Actually, you can make the car 2WD or 4 wheel steering or even increase its number of wheels by implementing a new vehicle type like BaseVehicle.

The aforementioned _set_action(self, action) function is wrapped by the before_step(self, action) function, which will do additional manipulations like numerical validation. Thus to control a vehicle, just set the action through vehicle.before_step(target_action) before simulating the next step. A minimal example to control a vehicle is as follows. The script first creates a new vehicle in front of the green ego car and sets its action as [0, 0.05] at each step. As a result, it slowly moves forward, while the green ego car stops at the origin as its input action is always [0, 0].
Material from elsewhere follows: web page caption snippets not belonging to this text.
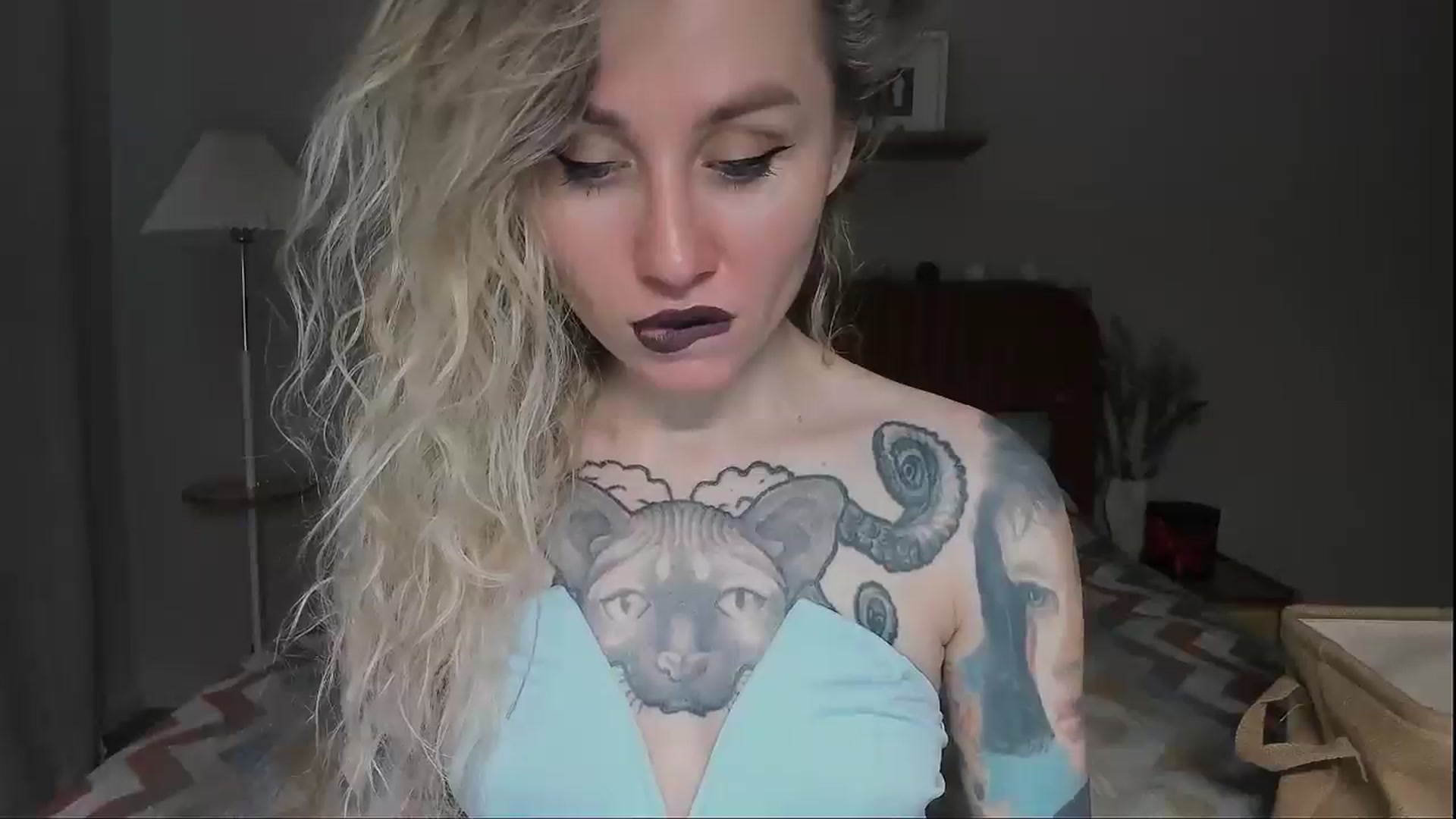 Gallery image thumbnail from Alexa_Smithhh's myfreecams stream on, 06/24/2025, 18:54 image 12 of 20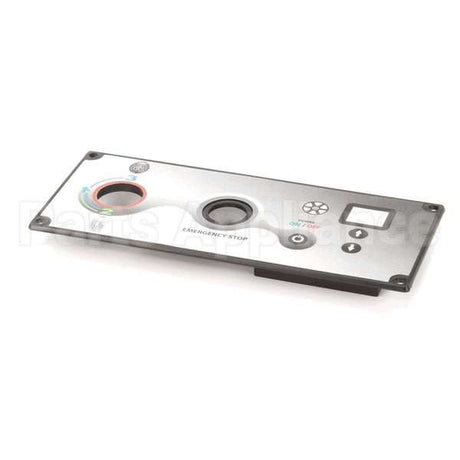 XMIX8203 Compatible Vollrath Digit-Timer/Fascia Mix 1020/30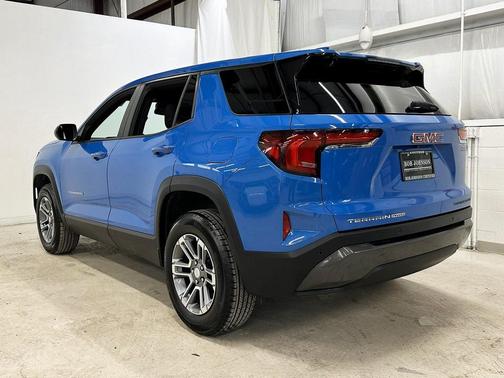 2025 GMC Terrain AWD Elevation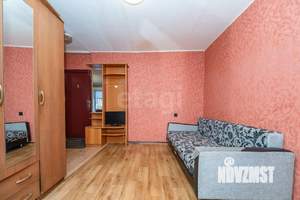 1-к квартира, вторичка, 21м2, 1/5 этаж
from metadrive.envs.metadrive_env import MetaDriveEnv
from metadrive.component.vehicle.vehicle_type import DefaultVehicle
from metadrive.utils import generate_gif

env=MetaDriveEnv(dict(map="S", traffic_density=0))
frames = []
try:
    env.reset()
    cfg=env.config["vehicle_config"]
    cfg["navigation"]=None # it doesn't need navigation system
    v = env.engine.spawn_object(DefaultVehicle, 
                                vehicle_config=cfg, 
                                position=[30,0], 
                                heading=0)
    for _ in range(100):
        v.before_step([0, 0.5])
        env.step([0,0])
        frame=env.render(mode="topdown", 
                         window=False,
                         screen_size=(800, 200),
                         camera_position=(60, 7))
        frames.append(frame)
    generate_gif(frames, gif_name="demo.gif")
finally:
    env.close()
from IPython.display import Image
Image(open("demo.gif", "rb").read())
_images/19305e838cd09ef7e05b40da4fab04b084760ef305751657172424bbe8b90836.png

Policy

Generally, we want to control the vehicle in several ways besides providing raw action. For example, we may want to have an intermediate controller to turn the high-level driving commands into the low-level steering, throttle, and brake signals. MetaDrive thus provides such an interface called Policy. The output of any Policy is supposed to be the raw signals taken by vehicle.before_step as input. To make such driving decisions, Policy can access all simulation information such as the map and all other objects as well as the external input signals from env.step. This allows us to make either an intermediate controller or a self-contained self-driving policy like IDMPolicy. Let’s first have a look at the abstract class BasePolicy.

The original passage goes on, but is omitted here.